Early intervention against conventional T2D and CVD risk factors, such as hyperglycemia, hyperinsulinemia, hypertension and dyslipidemia, is crucial to prevent the overt diseases onset. Our results suggest that the information generated from PFAA profiles is useful in identifying healthy, relatively non-obese individuals who are at high risk of developing insulin resistance and/or dyslipidemia. Our data also support the hypothesis that either central obesity is a risk factor for altered four plasma amino acid levels, including Phe, Tyr, Ala and Met, or PFAAs alteration is a risk factor for central obesity. Regardless of the outcomes, the current study has shown that the combinations of four amino acids are significantly associated with increased insulin resistance in healthy Singaporean adults. The intriguing result of the present study is that there is no relationship between BCAAs and insulin resistance that warrants further investigation. Our study, however, indicates that BCAAs could help to improve cholesterol metabolism.

Our study has several limitations. First, this is a cross-sectional study and thus causal inferences cannot be drawn. Second, the sample size of this study is not large enough. Future studies should be conducted with larger sample sizes.
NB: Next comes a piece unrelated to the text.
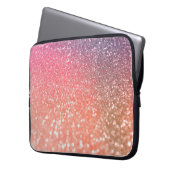 Girly Trend-Rosen-Gold erröten Glitzer Laptopschutzhülle (Vorderseite Links)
Third, although HOMA-IR has become a widely used clinical and epidemiological tool, it is not a direct measurement of insulin resistance. Therefore, the use of HOMA-IR to assess insulin resistance may have potential problems and fails to show a close relationship with whole-body insulin resistance assessed by euglycemic clamp techniques.29 Finally, dietary effects on amino acid profiles and insulin resistance were observed in some previous reports,29, 42 but other studies yielded contrary results showing that increased protein intake was not observed as evidence for higher BCAA levels.18, 22 Moreover, the pool size of free BCAAs is quite small and constant because of the continuous supply from muscle.43 Although we did not evaluate dietary nutrient intake, the circulating BCAAs and other EAAs are unlikely dominantly regulated by dietary intake, at least in the steady state of the present study. Despite these limitations, the results of our study provide evidence of the linkage between alterations of PFAAs, central adiposity and increased insulin resistance in Asian populations.